← Research Method · arXiv preprint, March 2026

Grounded Chess Reasoning

Master Distillation: transferring expert-system reasoning into compact LLMs as faithful chains of thought.

arXiv Code (coming soon)
4Bparameters (Qwen3-4B base)
48.1%puzzle accuracy
~178tokens per solution
~100×more compact than GPT-5

Frontier LLMs can play chess, but they rarely explain their moves the way a player would. C1 is a 4B-parameter open model that does both — solving 48.1% of theme-balanced chess puzzles in roughly 178 tokens per solution, beating its own teacher (Gemini-3-Flash, 40.8%) and every open-source model, while emitting roughly two orders of magnitude fewer tokens than reasoning-LLM baselines. The recipe — Master Distillation — is pitched as a general way to bootstrap LLM reasoning in any domain where a deterministic expert system already exists.

Background

In domains where bespoke solvers already exist — chess engines, theorem provers, chemistry simulators — LLMs sit awkwardly between two failure modes. Pure neural chess players answer "which move?" but can't explain their choice. Pure LLMs explain confidently but invent illegal moves. The gap is grounded reasoning: answers a player would accept, written in language a player would write.

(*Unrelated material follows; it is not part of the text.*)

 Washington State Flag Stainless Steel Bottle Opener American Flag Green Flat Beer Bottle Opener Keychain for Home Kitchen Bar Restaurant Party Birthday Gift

Prior work on chess + LLMs has tried to close this gap with chain-of-thought prompting on top of Stockfish move probabilities, or with bare-action models that win games but produce no human-readable rationale. Both halves of the system stay legible, but neither half is grounded.

Method

Master Distillation

Two specialists collaborate on the data. Stockfish at depth 24 supplies ground-truth principal variations. Gemini-3-Flash verbalizes them as natural-language chains of thought. The student model — Qwen3-4B-Instruct-2507 — sees only the verbalized traces. Stockfish is the source of truth; Gemini is the verbalizer; neither is "the teacher" by itself.

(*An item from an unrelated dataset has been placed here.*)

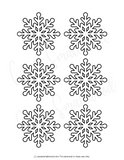 six small snowflake patterns on a white background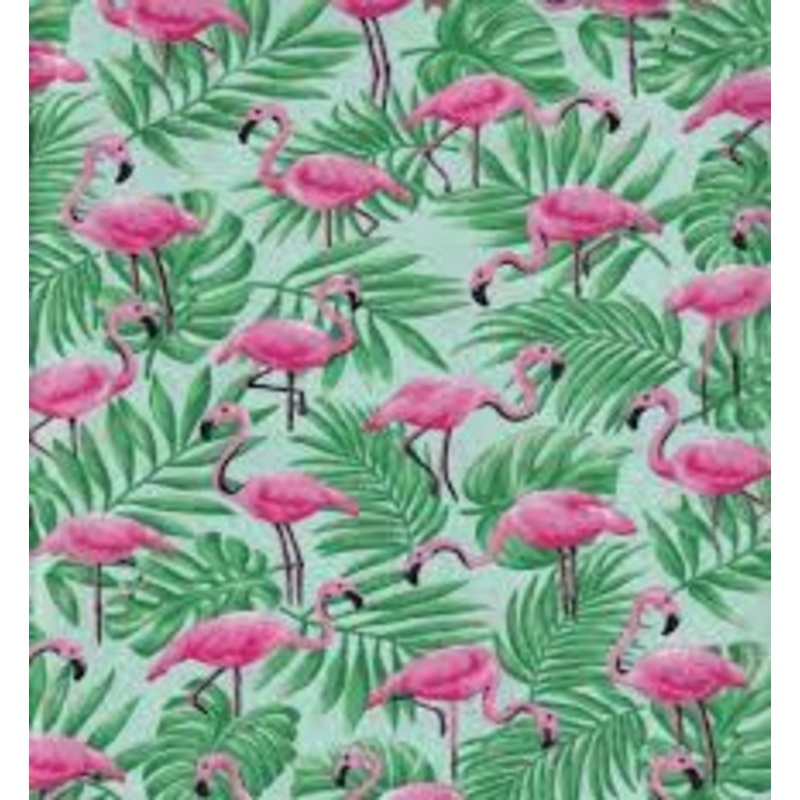 Timeless Treasures Flamingos in Palm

Feigned Discovery Prompting

The teacher LLM is told to reason as if the answer were unknown, while covertly tracking the master trace. The prompt enforces length (4–10 sentences scaled to puzzle difficulty), explicit board-coordinate grounding, objective voice, and no leakage of engine scores or theme labels. The result reads like a player thinking through a position, not a post-hoc rationalization of an answer key.

The teacher reasons as if it doesn't know the answer — and the student inherits the habit.

Two-stage training

The recipe is conventional but tightly tuned. Phase one is supervised fine-tuning on the verbalized traces with theme-balanced sampling across openings, middle games, endgames, and tactical motifs. Phase two is RLVR with DAPO, a GRPO variant tuned for concise outputs (KL retained, overlong-reward shaping removed). Skipping phase one and going straight to RL barely works — SFT seeds the capability that RLVR then sharpens.

Results

On a theme-balanced puzzle suite, C1-4B solves 48.1% of positions in an average of 178 tokens. That beats the Gemini-3-Flash teacher and every open-source baseline; it trails only top frontier proprietary systems. The story is not "SOTA on chess" — it's "best by far at a given budget."

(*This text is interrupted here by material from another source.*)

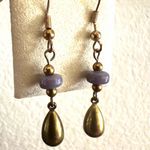 Artisan Brass & Lavender Glass Drop Earrings Photo 3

Model Accuracy Avg. tokens
C1-4B (ours) 48.1% 178
Gemini-3-Flash (verbalizer / "teacher") 40.8%
GPT-5 85.2% 12,193
Gemini-3-Pro 78.2% 3,182
DeepSeek-Chat-v3.1 20.0% 11,249

Theme-balanced puzzle accuracy and average output length. C1-4B is roughly 100× more compact than GPT-5 and 18× more compact than Gemini-3-Pro per solution; an 8B variant exists but is omitted from this table.

What we found

  • +7.2 pp from RLVR over SFT-only (40.9% → 48.1%) — the gain from the second stage is real but only available if the first stage seeds it.
  • A student can surpass its verbalizer. Distillation isn't capability compression here; it's capability transfer plus reinforcement.
  • Theme-balanced sampling matters. Without it, RL overfits a narrow set of tactical motifs.

Why it matters

A general recipe, demonstrated on chess. Anywhere there's a deterministic expert system — theorem provers, protein design, medical decision support — Master Distillation gives a path to compact, explainable LLM reasoning. Chess happens to be a clean testbed; the method is the contribution.
A way to unlock RLVR when the base model is too weak. SFT on verbalized expert traces seeds enough capability that RLVR has a signal to climb. Skip the SFT and RL has nothing to amplify — that's the most actionable finding for anyone doing RL with verifiable rewards.
Compact and cheap, on purpose. A 4B open model is not the SOTA on chess. But it is the SOTA given a budget, and "given a budget" is what most production deployments actually look like.